SHRIMP SALAD ELIZABETH
(Shrimp Salad with Tarragon and Cucumber)
(Shrimp Salad with Tarragon and Cucumber)
To brine shrimp, dissolve ¾ cup kosher salt in 2 cups
boiling water. Allow brining solution to
cool completely. Add 3.5 cups of ice water and raw shrimp. Allow to marinate
for 25-30 minutes. Remove shrimp from
brining solution and rinse thoroughly (if the shrimp need to be deveined, now would be a good time to do it - you can slit the shrimp up the back with pair of manicure scissors).
INGREDIENTS
½ lb brined shrimp
1 large shallot, sliced thin
1.5 tblsp. olive oil
½ tsp. dried tarragon or 1 tblsp. fresh tarragon leaves
chopped
2 tblsp. balsamic vinegar (sherry vinegar or other sweet
vinegar will work too!)
½ cup uncooked orzo
½ cucumber, cut into small dice
1 tblsp. fresh parsley
Set oven rack to highest position and preheat the broiler. Place shrimp in jelly roll pan, and broil for
2-3 minutes on each side. Allow to cool
and peel if necessary. Cut into small pieces if large.

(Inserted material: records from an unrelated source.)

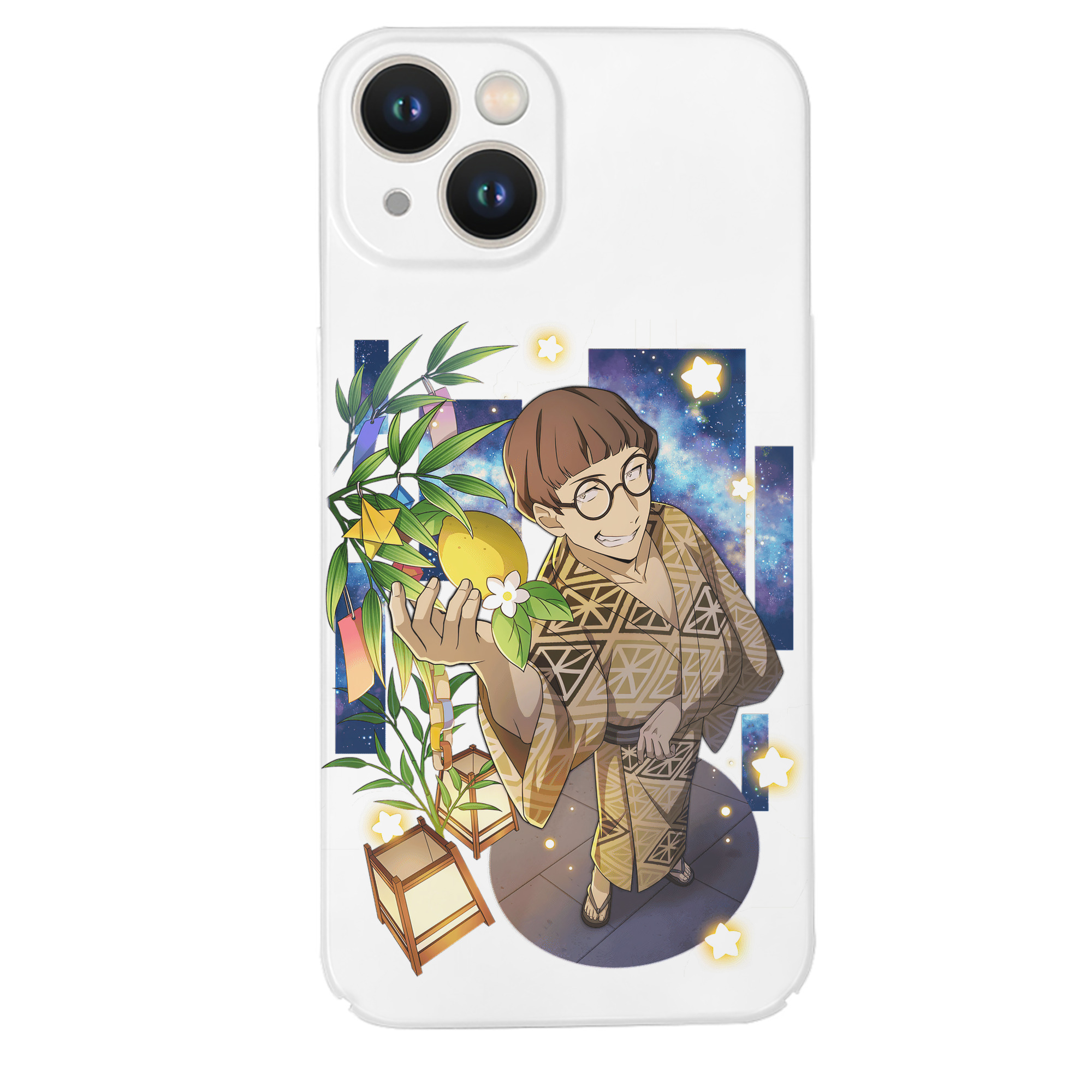 （画像用） 文豪ストレイドッグス Bungo Stray Dogs 【iPhone 14シリーズ対応】ハードケース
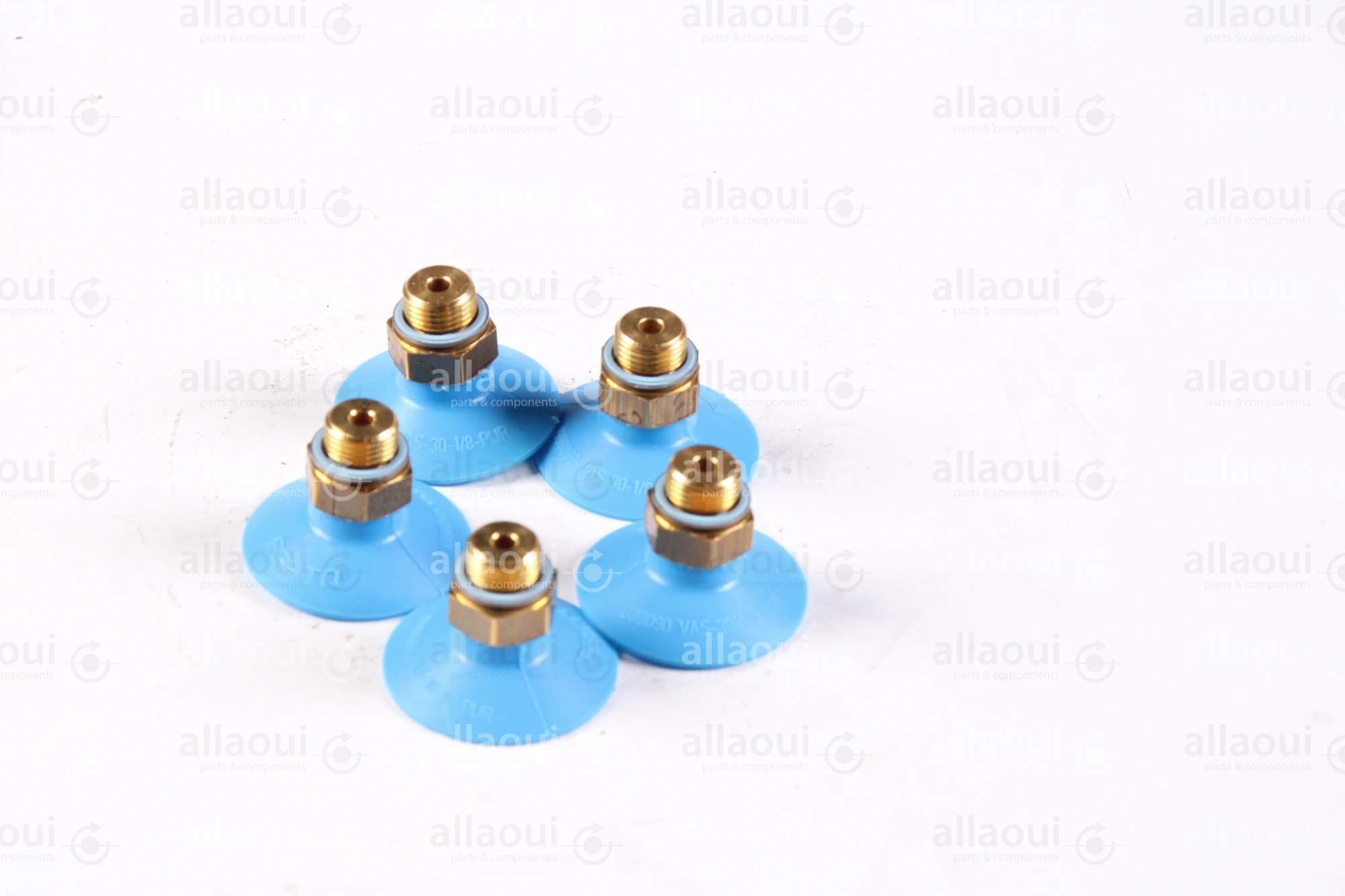 Festo Vacuum Suction Cup (5 Stück) VAS-30-1/8-PUR-B-1396090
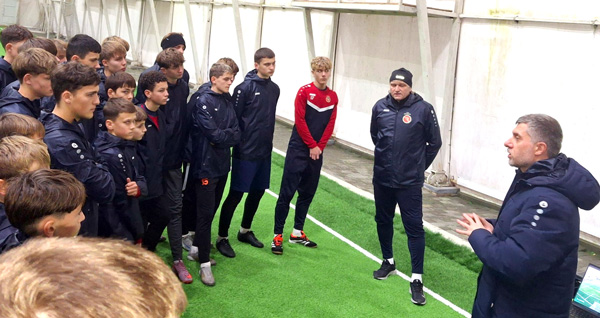 Навчання тренерів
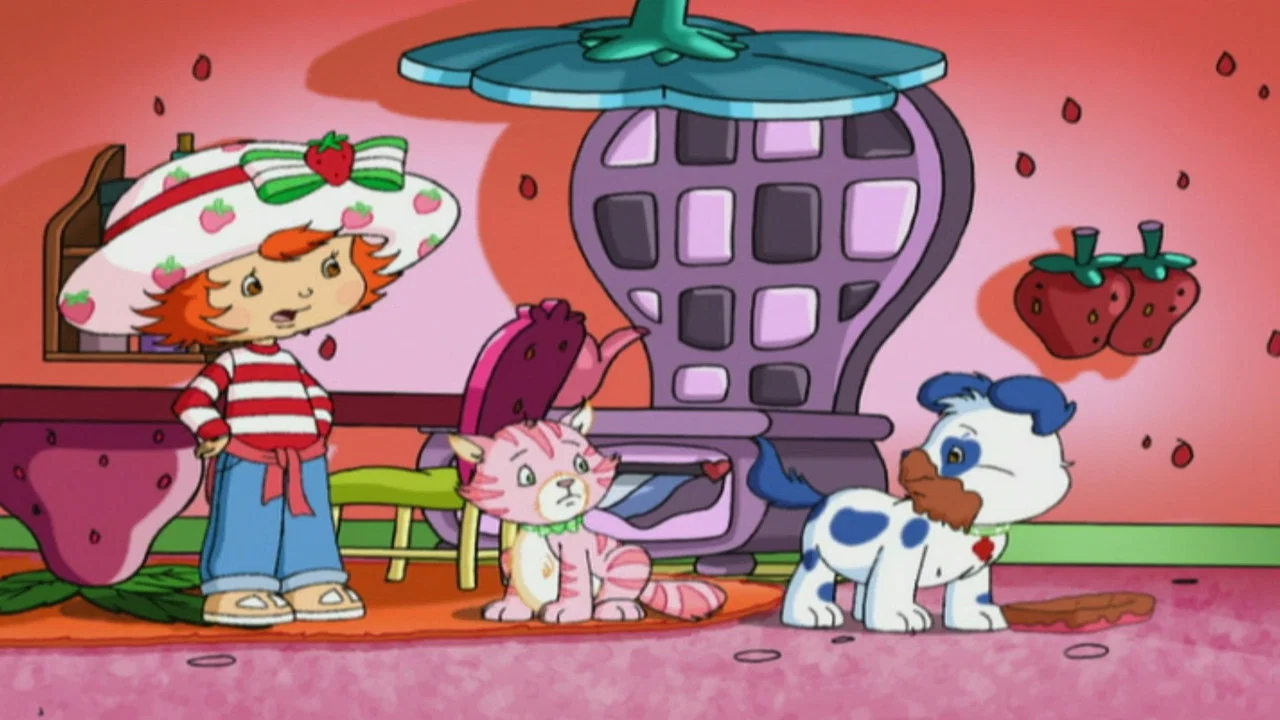 Strawberry Shortcake: Meet Strawberry Shortcake - 剧照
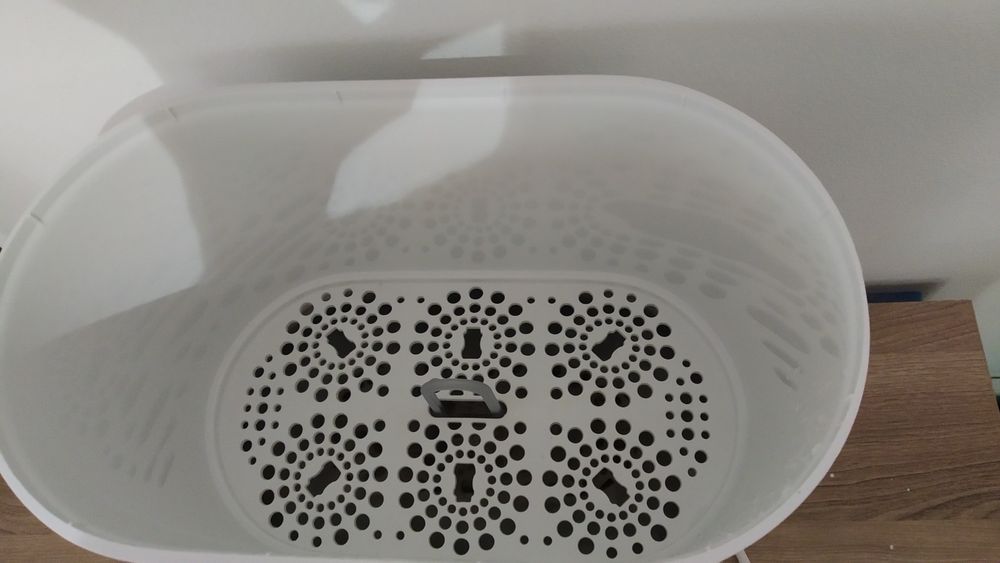 Esterilizador Philips Avent a vapor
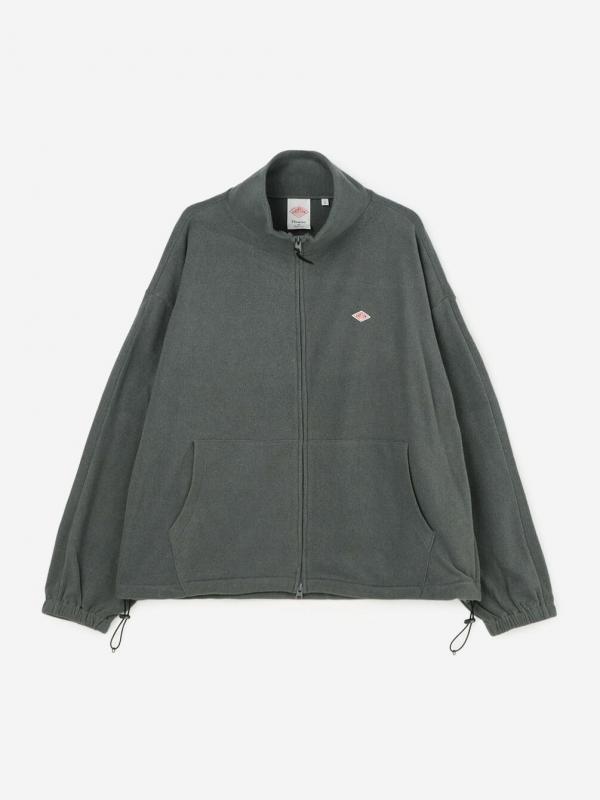 DANTON | フリース ジップアップブルゾン MEN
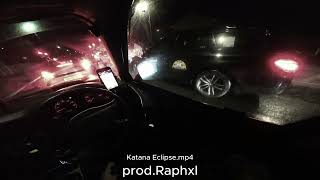 “Katana Eclipse” | Hardcore Phonk x Japanese Trap Rave Instrumental 2025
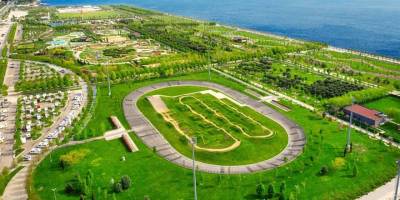 Yeşil alanlara yakın büyüyen çocuklar daha sağlıklı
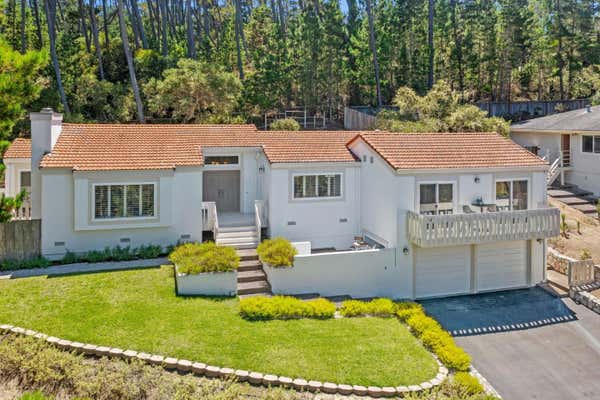 3017 FOREST WAY, PEBBLE BEACH, CA 93953 - Image 1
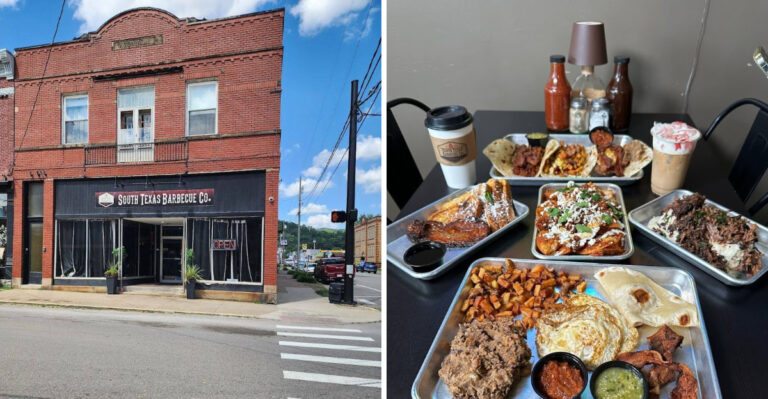 Everyone Is Talking About This West Virginia BBQ Joint And Why It Is Worth Three Hours Of Driving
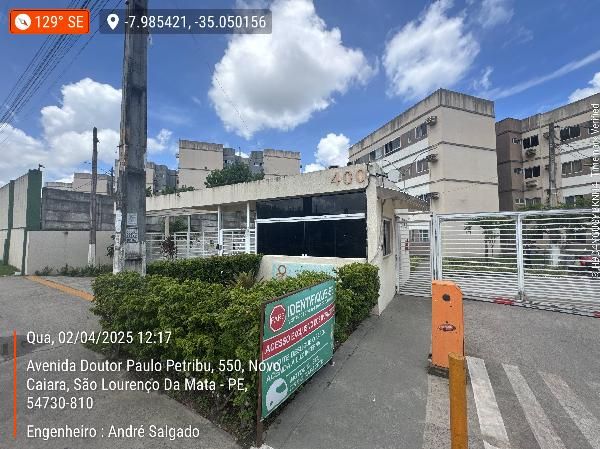 Imóvel em leilão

Cook the orzo according to package directions - it should be
a little firm to the bite so it can soak up the dressing. Drain and refresh under cold water.
Heat olive oil in small saute pan. Saute the shallot until translucent. Add the tarragon. Deglaze the pan with vinegar but do not allow
to boil away. Remove from heat. Add the shrimp pieces and sprinkle with the parsley. Allow to cool.
ASSEMBLY: Mix the cooled
orzo, cooled shrimp mixture, and the cucumber pieces in a bowl. You may need to add a little more oil and
vinegar if you feel it’s too dry for a pasta salad. Salt and pepper to taste. Should keep a couple of days in the
fridge. Serve cool or at room
temperature.
This makes 2-3 servings.
If you increase it, there is no
need to increase the amount of salt and water in the brining solution. All other ingredients can be doubled.